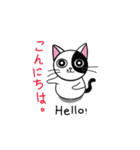Muji black ＆ white cow cat（個別スタンプ：2）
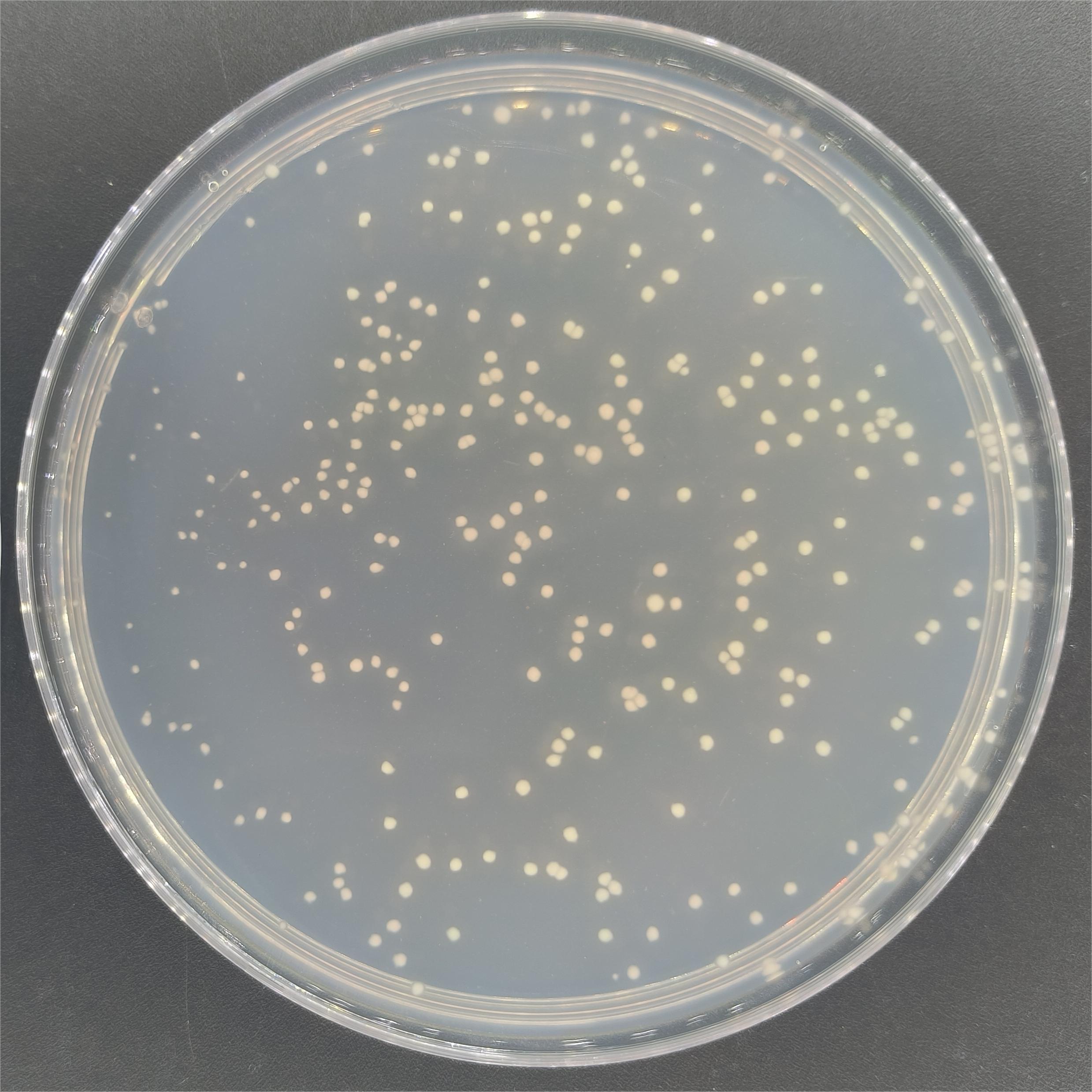 Streptomyces genus-BNCC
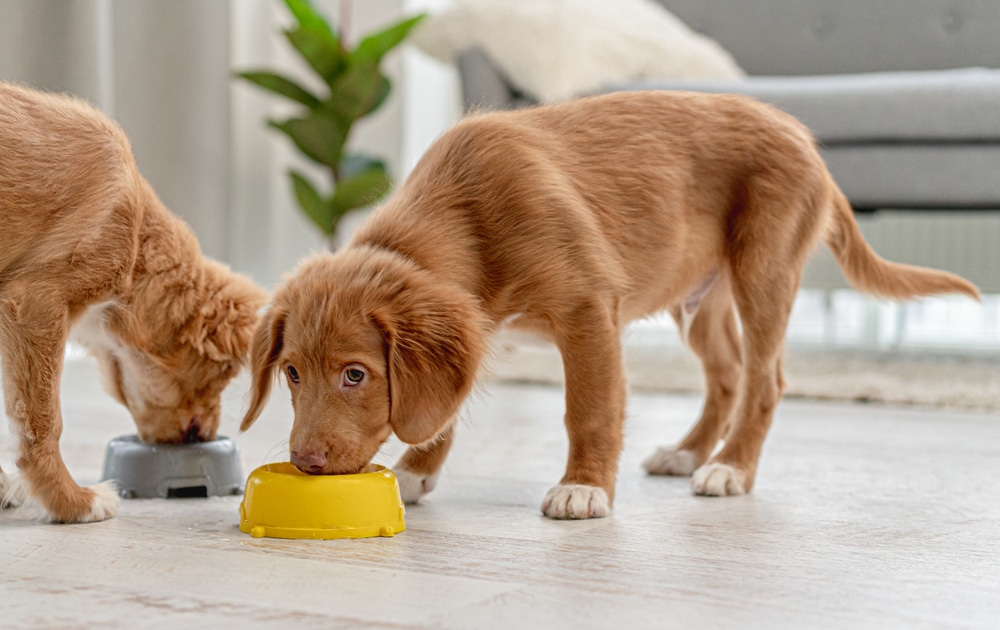 puppy raw feeding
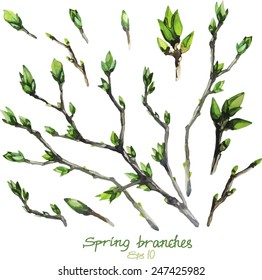 Spring buds on the branches.Watercolor vector set 
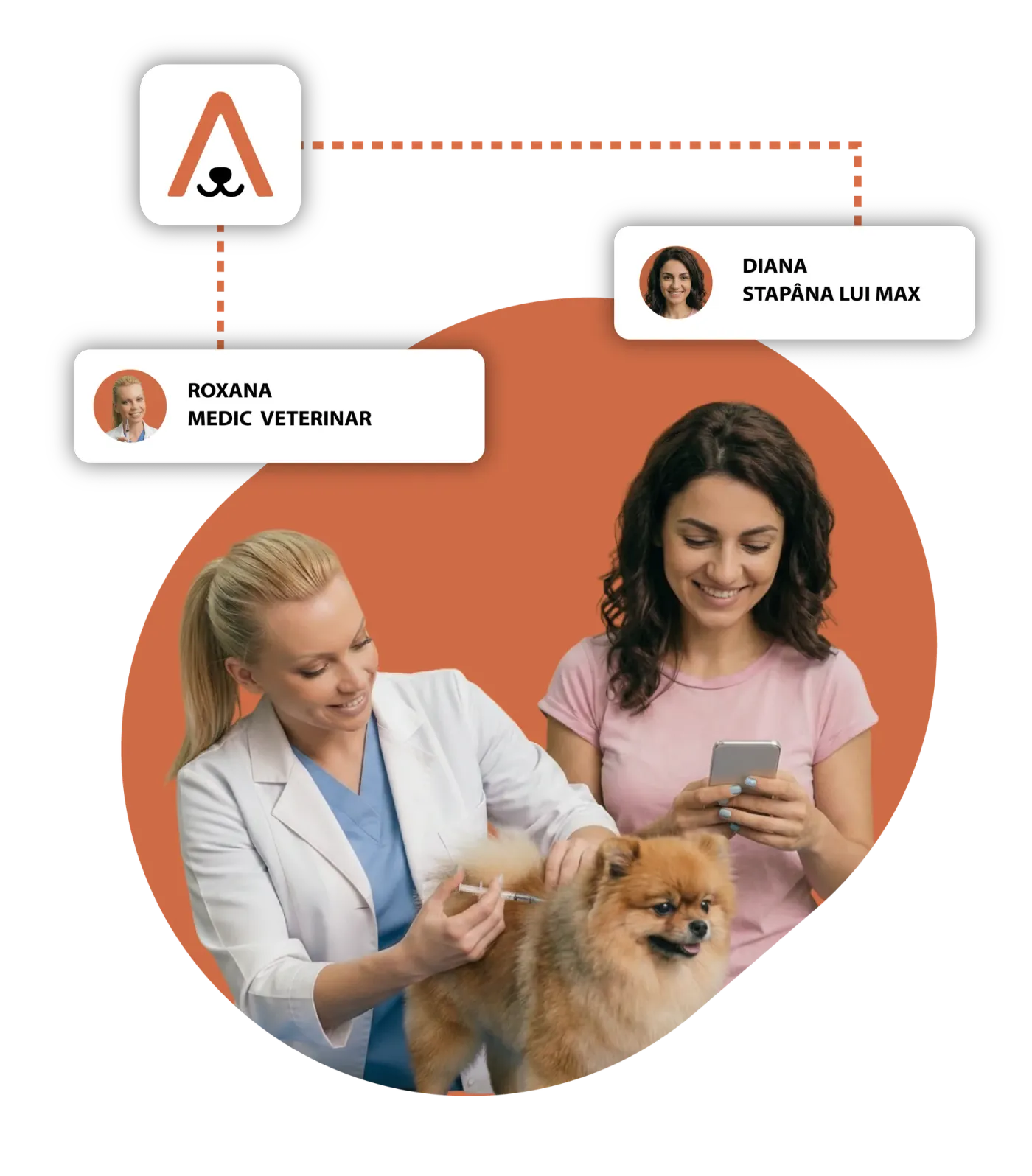 Veterinarian in a white coat giving a vaccine to a Pomeranian dog while the pet owner checks the appointment on her phone.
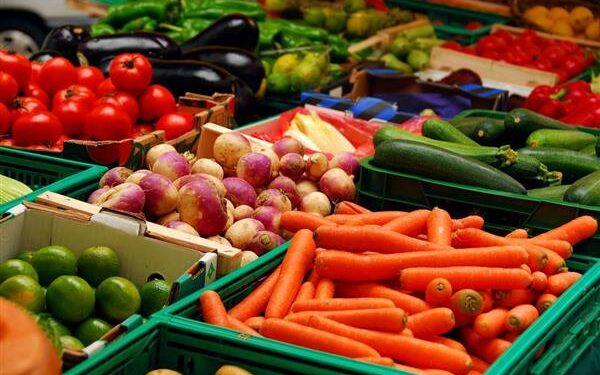 أسعار الخضروات اليوم في سوق العبور 15-6-2026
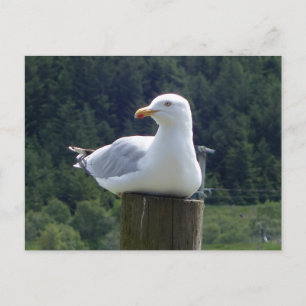 Carte Postale Mouette se couchant 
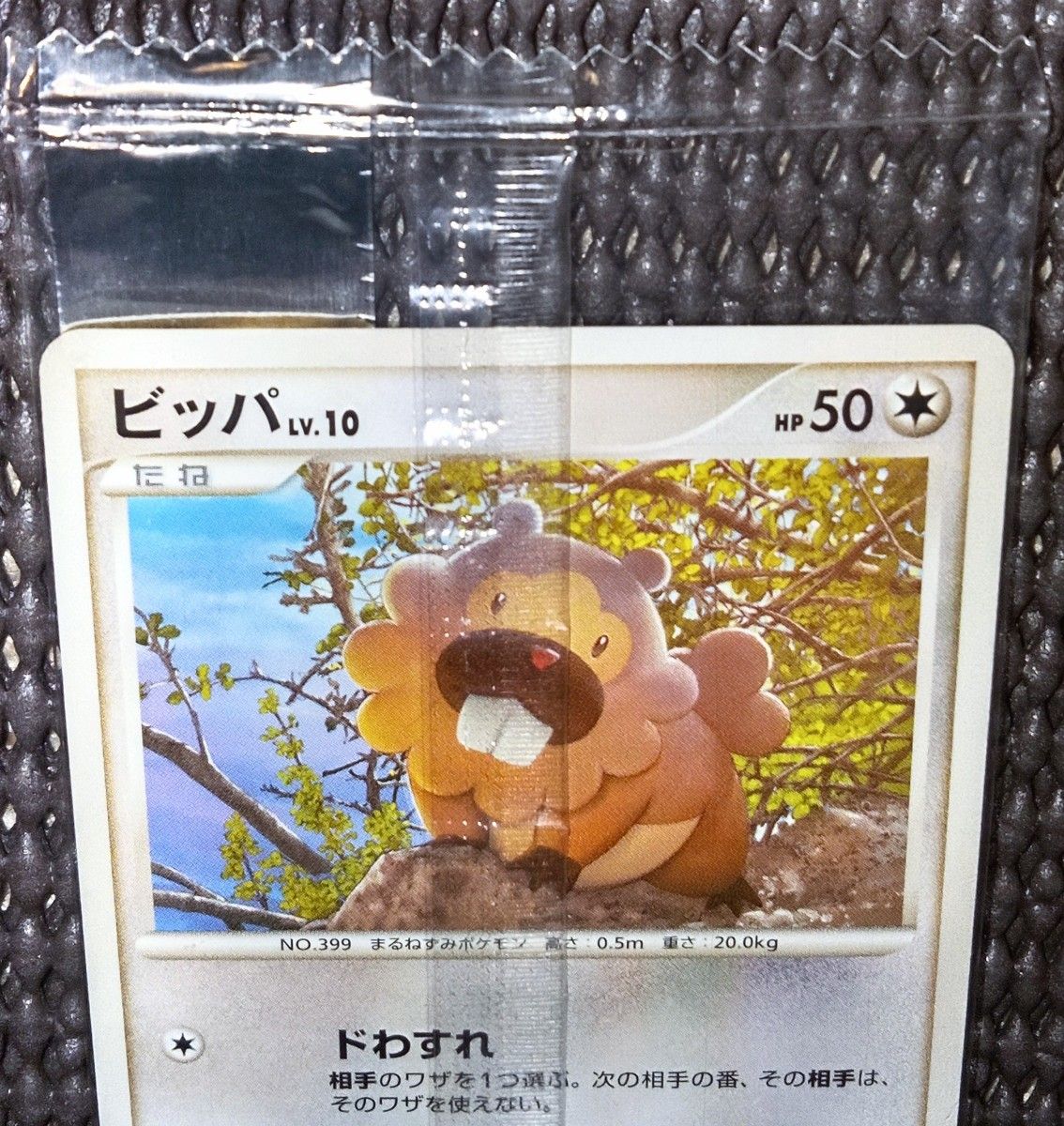 ポケモンカード 明治 ビッパ プロモ 未開封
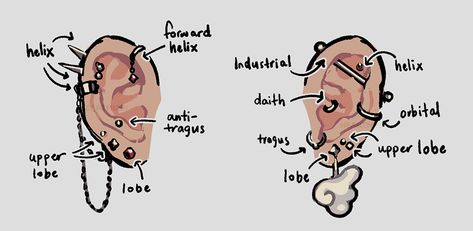 Piercing Diagram, Ear Piercing Diagram, Forward Helix, Tragus, Helix, Ear Piercings, Piercings, Character Design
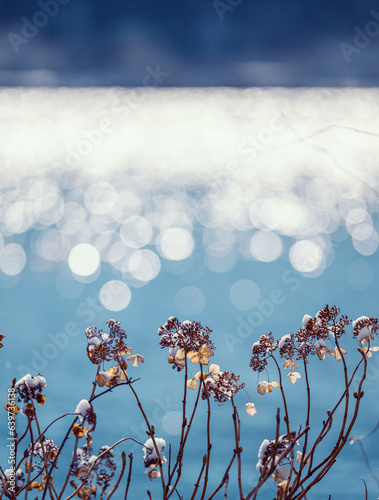 余呉湖, 枯れアジサイ, 逆光, 玉ボケ, 湖面, 反射,冬,厳冬,朝日,雪,風景,植物,光,滋賀県,長浜市,湖北地方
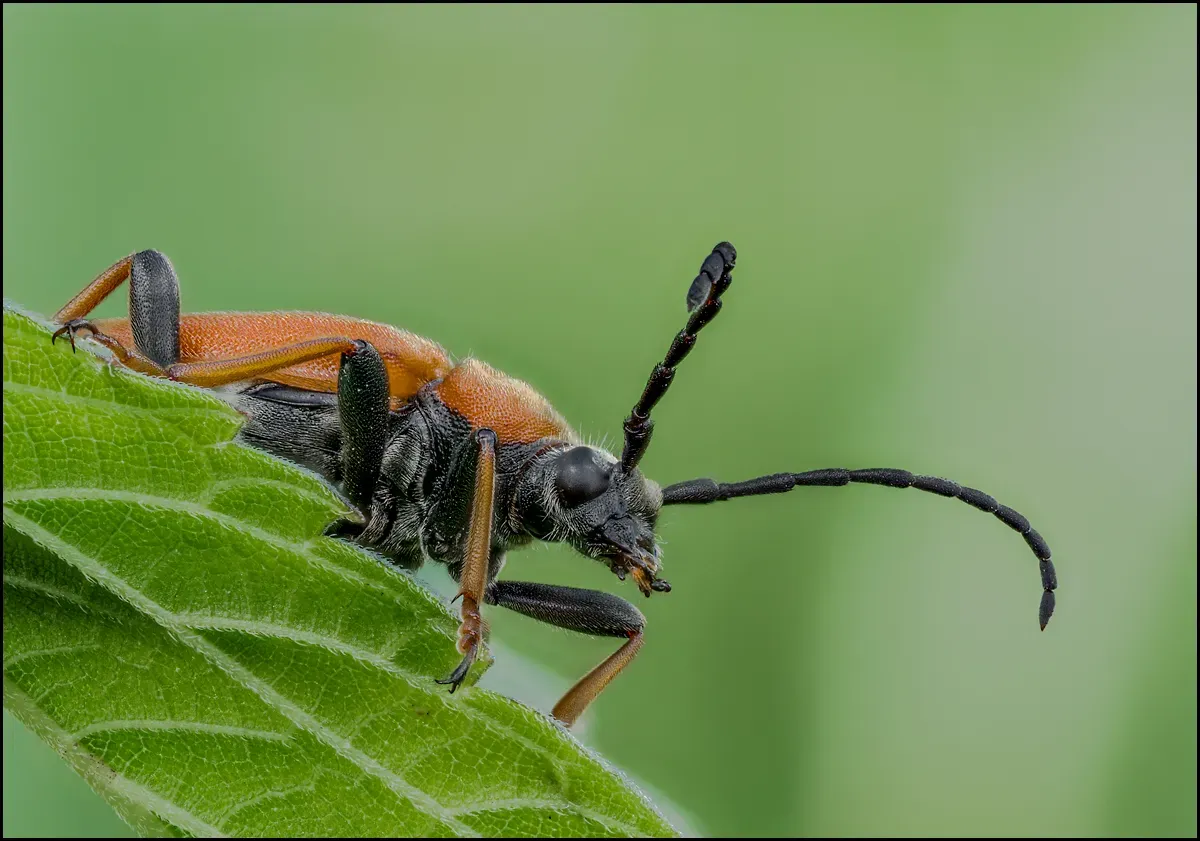 Soldier Beetles 16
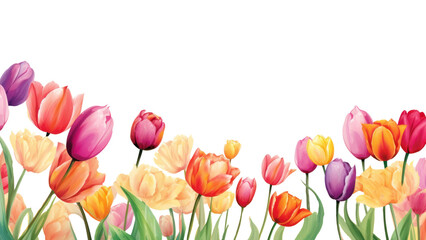 PNG Outdoors flower nature tulip.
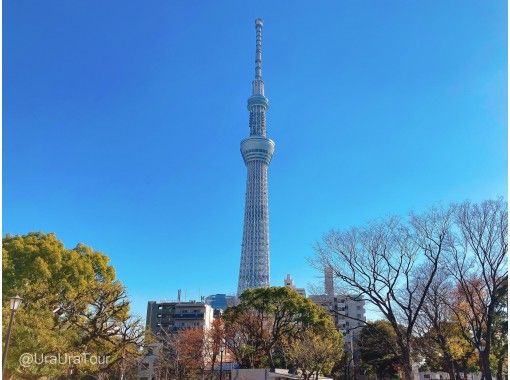 下町の観光名所をいいとこどり 浅草 スカイツリー 東京サイクルトリップ アクティビティジャパン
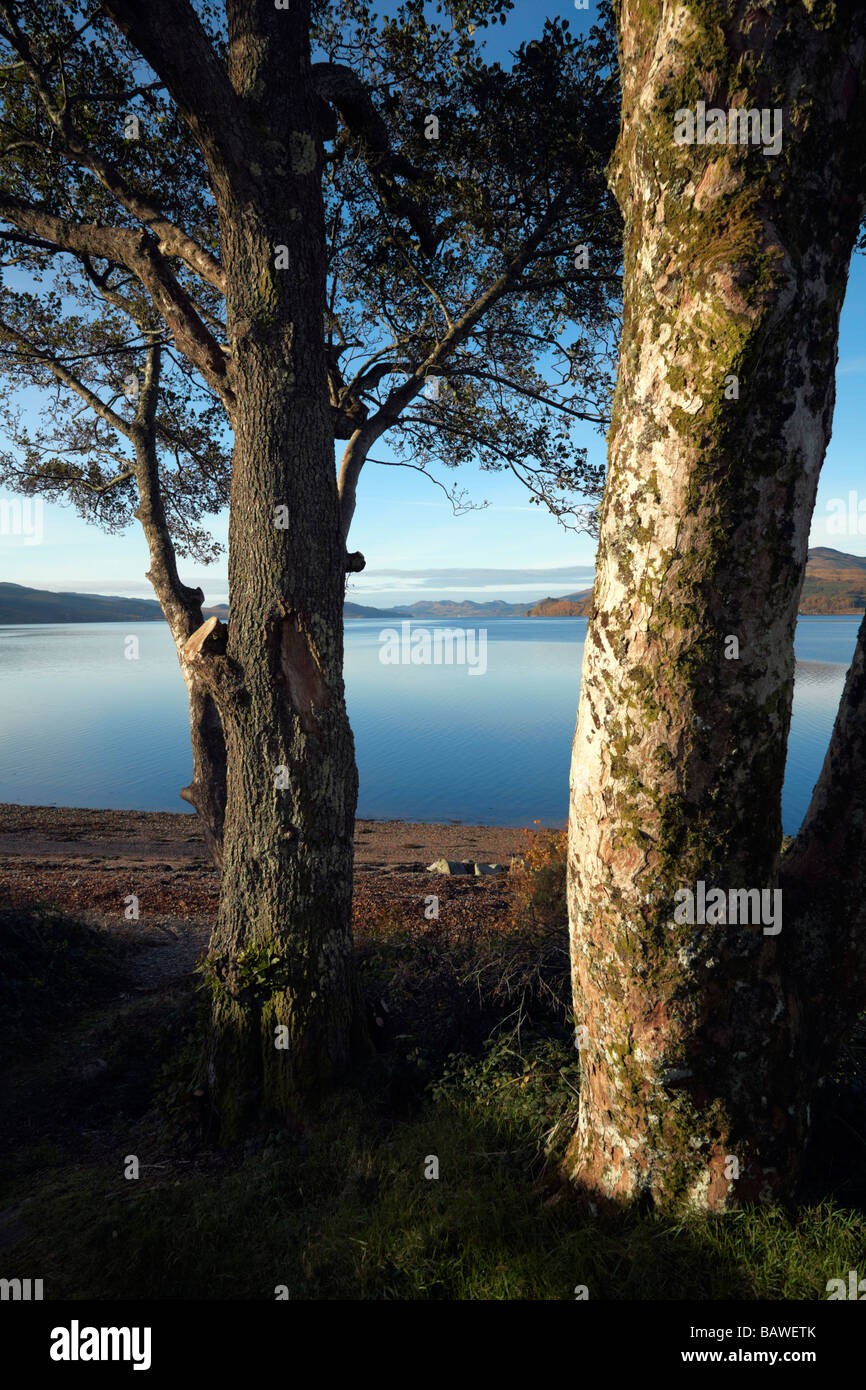 A sud-ovest sul Loch Fyne da a815 tra creggans inn e a strachur. argyll, SCOZIA Foto Stock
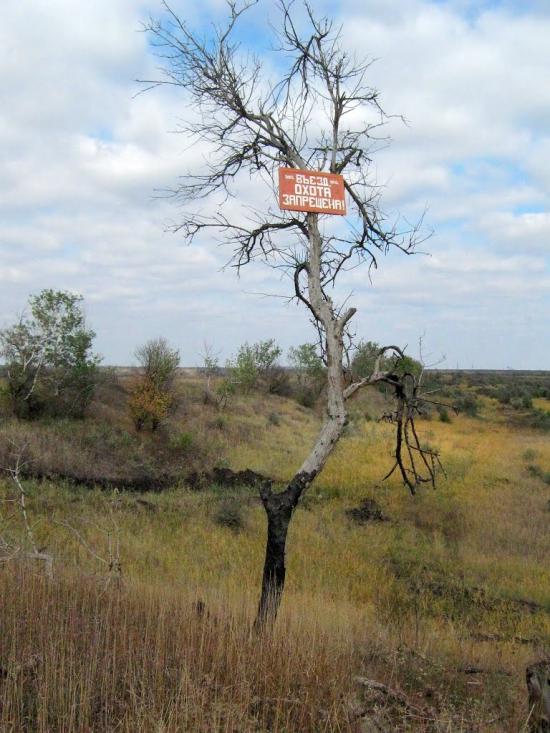 Старозаводське з panoramio.com - Старозаводское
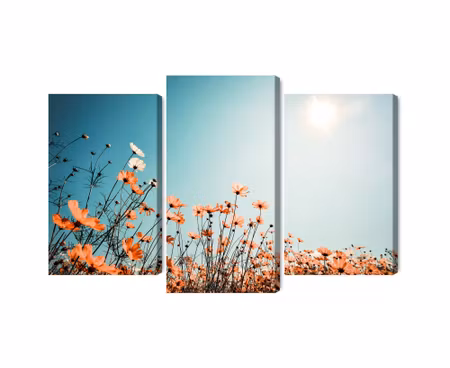 Canvastavla - Multipart Field Flowers in the Sun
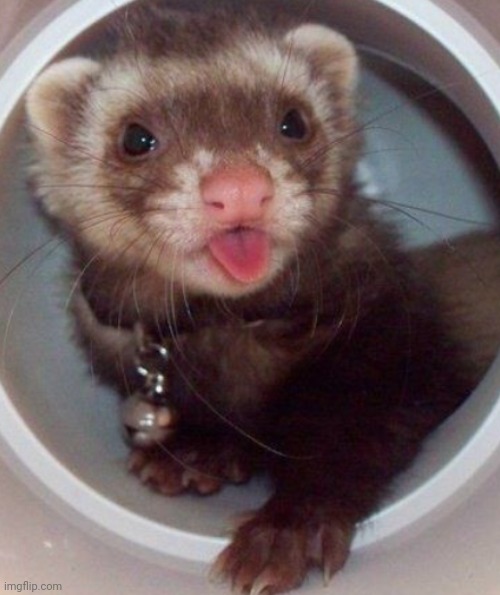 Ferret Sticking Its Tongue Out | image tagged in aww | made w/ Imgflip meme maker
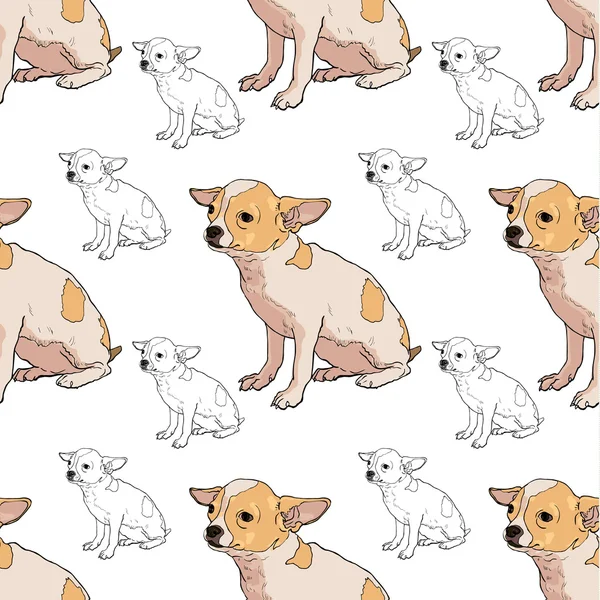 Naadloze patroon van schattig chihuahua — Stockvector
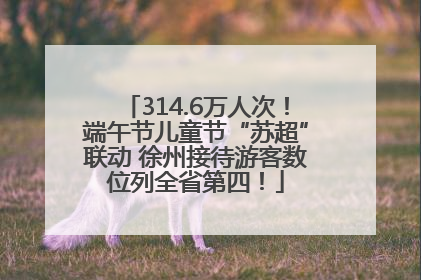 314.6万人次！端午节儿童节“苏超”联动 徐州接待游客数位列全省第四！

Exercise requirements.
What you write must match, line for line, the records from the line containing "余呉湖, 枯れアジサイ, 逆光, 玉ボケ, 湖面, 反射,冬,厳冬,朝日,雪,風景,植物,光,滋賀県,長浜市,湖北地方" through the last line, with every picture left out.

Exercise answer.
 余呉湖, 枯れアジサイ, 逆光, 玉ボケ, 湖面, 反射,冬,厳冬,朝日,雪,風景,植物,光,滋賀県,長浜市,湖北地方
 Soldier Beetles 16
 PNG Outdoors flower nature tulip.
 下町の観光名所をいいとこどり 浅草 スカイツリー 東京サイクルトリップ アクティビティジャパン
 A sud-ovest sul Loch Fyne da a815 tra creggans inn e a strachur. argyll, SCOZIA Foto Stock
 Старозаводське з panoramio.com - Старозаводское
 Canvastavla - Multipart Field Flowers in the Sun
 Ferret Sticking Its Tongue Out | image tagged in aww | made w/ Imgflip meme maker
 Naadloze patroon van schattig chihuahua — Stockvector
 314.6万人次！端午节儿童节“苏超”联动 徐州接待游客数位列全省第四！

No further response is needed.